● **Action item**: List each line of the data that holds the string "Windward", please.

● **Input data**:
*** Block opens ***

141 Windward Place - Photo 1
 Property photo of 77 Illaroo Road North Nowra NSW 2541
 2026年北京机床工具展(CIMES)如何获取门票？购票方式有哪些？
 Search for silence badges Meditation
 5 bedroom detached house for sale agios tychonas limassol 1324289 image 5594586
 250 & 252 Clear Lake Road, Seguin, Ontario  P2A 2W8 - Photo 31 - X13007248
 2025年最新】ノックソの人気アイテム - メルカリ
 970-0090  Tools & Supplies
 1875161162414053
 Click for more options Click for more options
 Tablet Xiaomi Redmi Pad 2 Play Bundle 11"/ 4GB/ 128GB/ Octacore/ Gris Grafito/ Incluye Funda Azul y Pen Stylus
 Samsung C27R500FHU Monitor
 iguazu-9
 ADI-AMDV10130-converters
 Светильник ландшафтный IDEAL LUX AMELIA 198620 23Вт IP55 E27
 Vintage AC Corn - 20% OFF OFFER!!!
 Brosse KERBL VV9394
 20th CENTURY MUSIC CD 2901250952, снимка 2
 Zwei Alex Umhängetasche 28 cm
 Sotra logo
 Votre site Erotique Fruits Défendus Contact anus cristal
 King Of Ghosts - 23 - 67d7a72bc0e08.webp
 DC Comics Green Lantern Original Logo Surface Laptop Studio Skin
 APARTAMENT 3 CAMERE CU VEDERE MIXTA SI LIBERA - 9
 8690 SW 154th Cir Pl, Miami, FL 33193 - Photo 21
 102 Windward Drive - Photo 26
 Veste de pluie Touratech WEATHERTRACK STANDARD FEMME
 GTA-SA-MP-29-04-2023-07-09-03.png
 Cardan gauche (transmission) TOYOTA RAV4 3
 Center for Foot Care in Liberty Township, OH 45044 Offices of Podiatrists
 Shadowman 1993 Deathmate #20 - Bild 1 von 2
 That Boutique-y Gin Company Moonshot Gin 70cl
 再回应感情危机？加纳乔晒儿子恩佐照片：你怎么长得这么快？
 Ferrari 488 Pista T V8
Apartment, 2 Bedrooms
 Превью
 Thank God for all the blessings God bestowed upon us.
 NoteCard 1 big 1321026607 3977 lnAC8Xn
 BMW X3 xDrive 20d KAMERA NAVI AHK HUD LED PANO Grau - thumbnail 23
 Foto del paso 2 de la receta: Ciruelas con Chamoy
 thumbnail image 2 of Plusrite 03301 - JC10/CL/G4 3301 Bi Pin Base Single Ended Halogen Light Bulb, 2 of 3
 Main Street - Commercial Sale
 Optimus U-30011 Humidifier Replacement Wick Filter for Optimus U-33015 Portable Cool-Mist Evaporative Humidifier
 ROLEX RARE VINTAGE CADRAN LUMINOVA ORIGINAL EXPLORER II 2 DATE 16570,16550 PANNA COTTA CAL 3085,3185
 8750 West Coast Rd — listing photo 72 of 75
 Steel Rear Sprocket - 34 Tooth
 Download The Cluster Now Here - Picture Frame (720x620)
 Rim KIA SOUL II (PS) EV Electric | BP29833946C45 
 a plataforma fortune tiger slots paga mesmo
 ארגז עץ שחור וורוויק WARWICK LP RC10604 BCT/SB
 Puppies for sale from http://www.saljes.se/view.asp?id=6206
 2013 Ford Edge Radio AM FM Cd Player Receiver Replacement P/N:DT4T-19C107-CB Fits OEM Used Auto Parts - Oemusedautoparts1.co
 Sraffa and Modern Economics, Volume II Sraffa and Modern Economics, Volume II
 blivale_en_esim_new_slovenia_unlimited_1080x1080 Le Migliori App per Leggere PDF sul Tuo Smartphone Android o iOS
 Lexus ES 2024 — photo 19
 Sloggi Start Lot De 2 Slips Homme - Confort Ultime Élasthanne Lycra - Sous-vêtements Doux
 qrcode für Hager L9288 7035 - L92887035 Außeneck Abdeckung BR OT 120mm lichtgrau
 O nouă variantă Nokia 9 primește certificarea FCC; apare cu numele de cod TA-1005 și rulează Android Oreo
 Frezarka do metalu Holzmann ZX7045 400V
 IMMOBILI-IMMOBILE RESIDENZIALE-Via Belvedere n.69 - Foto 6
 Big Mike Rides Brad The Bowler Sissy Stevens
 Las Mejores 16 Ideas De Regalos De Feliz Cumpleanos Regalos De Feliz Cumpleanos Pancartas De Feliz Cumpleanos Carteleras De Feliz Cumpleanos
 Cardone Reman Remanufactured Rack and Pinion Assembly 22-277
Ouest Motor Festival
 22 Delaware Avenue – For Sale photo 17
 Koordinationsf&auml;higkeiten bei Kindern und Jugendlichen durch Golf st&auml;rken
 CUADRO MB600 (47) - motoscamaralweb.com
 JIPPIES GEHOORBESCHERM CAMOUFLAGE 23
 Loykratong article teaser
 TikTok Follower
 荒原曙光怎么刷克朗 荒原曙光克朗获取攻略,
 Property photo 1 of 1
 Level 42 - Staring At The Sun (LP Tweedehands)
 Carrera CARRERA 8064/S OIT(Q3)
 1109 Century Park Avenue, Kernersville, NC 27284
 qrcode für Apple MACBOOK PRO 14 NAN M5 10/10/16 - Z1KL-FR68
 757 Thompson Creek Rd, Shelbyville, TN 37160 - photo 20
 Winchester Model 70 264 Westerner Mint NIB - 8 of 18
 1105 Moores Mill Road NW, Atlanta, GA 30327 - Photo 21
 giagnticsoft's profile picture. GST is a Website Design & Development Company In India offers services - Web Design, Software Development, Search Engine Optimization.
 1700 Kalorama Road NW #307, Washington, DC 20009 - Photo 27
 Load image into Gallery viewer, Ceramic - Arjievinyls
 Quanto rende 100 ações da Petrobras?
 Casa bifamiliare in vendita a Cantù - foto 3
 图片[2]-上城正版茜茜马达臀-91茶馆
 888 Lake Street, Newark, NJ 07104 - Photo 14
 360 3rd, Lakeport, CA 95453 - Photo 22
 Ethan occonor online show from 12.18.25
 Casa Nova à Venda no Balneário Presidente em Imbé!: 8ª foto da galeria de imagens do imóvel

*** Block closes ***

● **Solution to the exercise**:
141 Windward Place - Photo 1
 102 Windward Drive - Photo 26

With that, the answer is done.